A Grim History: Persecution of Cathars by the Vatican

The persecution of Cathars by the Catholic Church has to be one of the most violent religious episodes in French history over the past millennium. (Image: wikimedia  /  CC0 1.0)
The persecution of Cathars by the Catholic Church has to be one of the most violent religious episodes in French history over the past millennium. (Image: wikimedia / CC0 1.0)

The persecution of Cathars by the Catholic Church has to be one of the most violent religious episodes in French history over the past millennium. Cathars were the followers of Catharism, a Christian sect that was prevalent predominantly in southern regions of France between the 12th and 14th centuries. The conflict between Cathars and Catholics emerged after the Pope saw Catharism “diluting” the Christian faith.

Persecution of Cathars

Catharism is believed to have originated from a reform movement among Christians that asked believers to return to the original teachings of the faith that focused on preaching, perfection, and poverty. At that time, southern France was rife with scandals of Catholic clergy indulging in expensive lifestyles. Disappointed by the excesses of the clergy, many Christians joined Catharism.

According to Cathar belief, there were two Gods in the world. The first was the benevolent God of the New Testament who was seen as the creator of the spirit, while the other was an evil God from the Old Testament who was seen as the creator of the universe. Cathars believed that the good God’s power was limited by the evil God’s power and vice versa. Being born on Earth, one had to renounce the material world in order to truly achieve angelic status. Until then, one was doomed to be reincarnated back to Earth repeatedly.
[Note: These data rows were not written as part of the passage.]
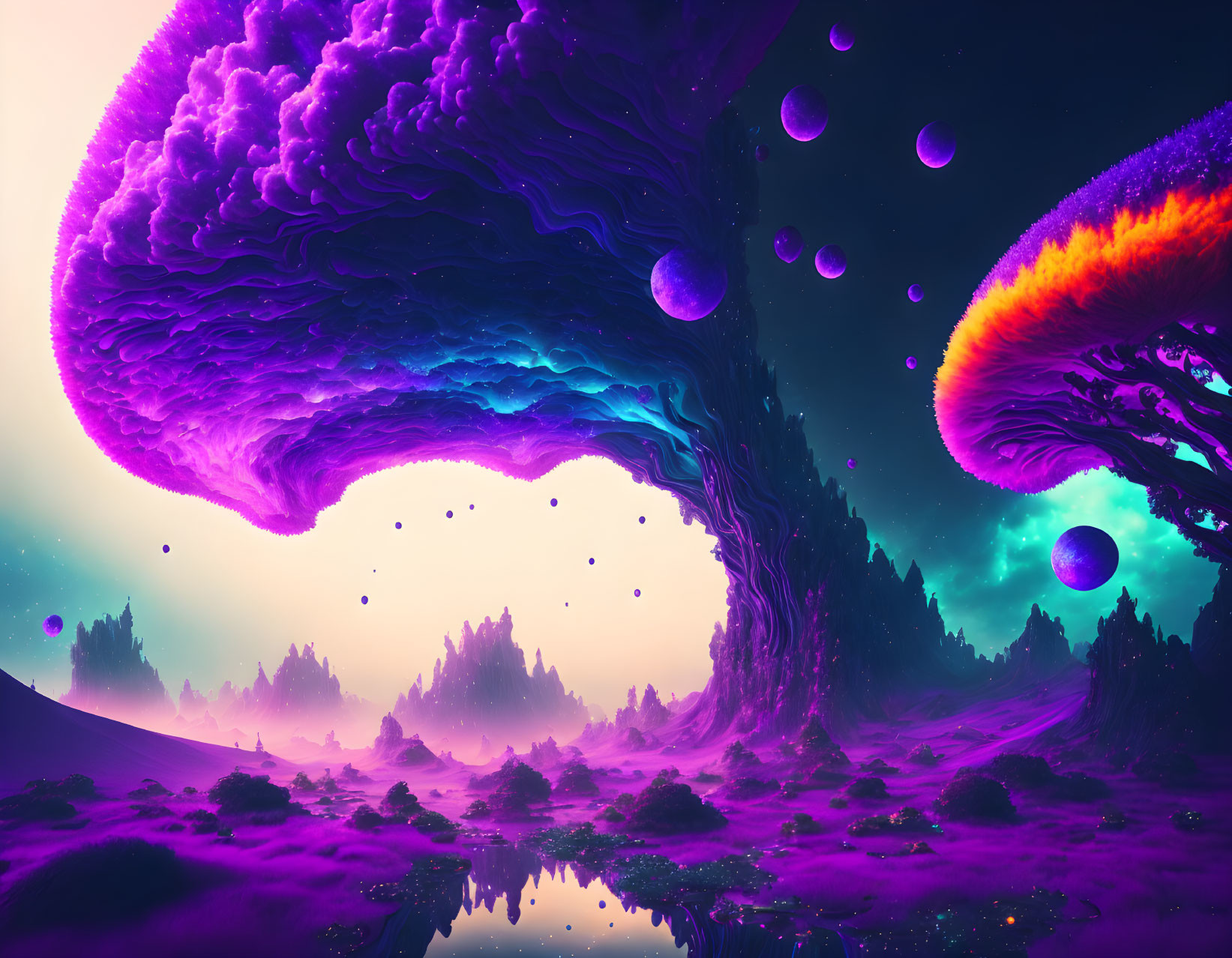 Alien landscape digital artwork with purple terrain and brain-like structures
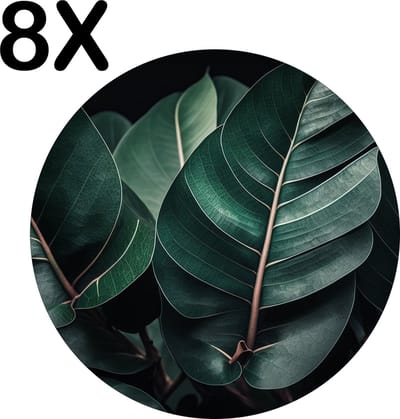 Luxe Ronde Placemat - Groene Bladeren met Donkere Shaduw - Set van 8 Placemats - 50x50 cm - 2 mm dik Vinyl - Anti Slip - Afneembaar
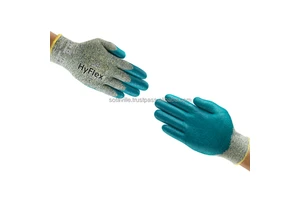Ansell 11-501 Comfortable Safety Work Gloves Anti-Cut Heat-Resistant Anti-Abrasion Nitrile Coated Blue Grey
The Catholic Church saw Cathars as a heretical sect that went against the teachings of the Bible. The fact that Cathars rejected the idea of salvation from sin by belief in Christ was seen as a threat to the Catholic belief. Cathars were open-minded when it came to women priests since they saw the spirit as being without gender. For the Catholic Church, this too was unacceptable. As more and more people moved away from Catholicism and adopted Catharism, the Vatican started sending representatives to force Cathar leaders and their supporting nobles to come back to the Catholic faith.

(Image: Screen Shot/ Youtube)

As more and more people moved away from Catholicism and adopted Catharism, the Vatican started sending representatives to force Cathar leaders and their supporting nobles to come back to the Catholic faith. (Image: Screenshot / YouTube)

For this purpose, a papal legate, Pierre de Castelnau, visited Raymond VI, Count of Toulouse, in January A.D. 1208. The papal legate asked Raymond to stop protecting Cathars. However, he refused and even threatened Pierre with violence. While returning back to Rome, Pierre was killed, allegedly by one of Raymond’s knights. The death was a turning point in Catholic-Cathar relations as the Pope ordered a crusade against them.

In A.D. 1209, the city of Béziers was attacked. The crusaders offered Catholics the freedom to leave unharmed. However, most of them refused and opted to fight for the city with their Cathar brothers. The city was eventually captured and thousands of people, including children, were slaughtered. Some of them were used as target practice by the crusaders. When Arnaud-Amaury, commander of the crusader army, was asked how to distinguish between the Catholics and Cathars, he is alleged to have said: “Kill them all, the Lord will recognize His own.”

The official war between Cathars and Catholics ended with the Treaty of Paris in A.D. 1229. An inquisition was instituted in A.D. 1233 to uproot the remaining Cathar believers. Eventually, Catharism was wiped out from France. Even though descendants of Cathars adopted Catholicism to avoid persecution, they were often discriminated against. Some were even required to live outside towns.

Parallels with Falun Gong

The suppression of Cathars is a grim reminder of what happens when new ideologies, however benign, pop up in totalitarian regimes. In countries across the Middle East, Africa, South America, and Asia, extremist religious beliefs and their leaders continue to persecute the innocent. In recent times, the persecution of Falun Gong practitioners by the Chinese Communist Party (CCP) is an example.

Afraid that a peaceful Buddhist-like Falun Gong might erode its authoritarian power, the CCP, under former president Jiang Zemin, initiated a massive crackdown on followers of the spiritual practice starting in 1999. Several hundred thousand Falun Gong practitioners were arrested, with many tortured, abused, and killed. Almost 4,300 people have been confirmed to have been murdered on the site minghui.org. The government is also involved in harvesting organs from (living) Falun Gong practitioners, thereby killing them, and selling the organs internationally.

(Image: Screen Shot/ Youtube)

The government is also involved in harvesting organs from (living) Falun Gong practitioners, thereby killing them, and selling the organs internationally. (Image: Screenshot / YouTube)

At present, Falun Gong remains a banned practice in China. The CCP uses its global propaganda network to spread fake news against the practitioners. Despite all such attacks, the followers of Falun Gong have stuck with their core teachings of moral values including compassion to counter the persecution rather than embracing violent methods. Today, many people practicing Falun Gong voluntarily meet with international groups and media organizations to expose the atrocities and hold the CCP accountable for their crimes.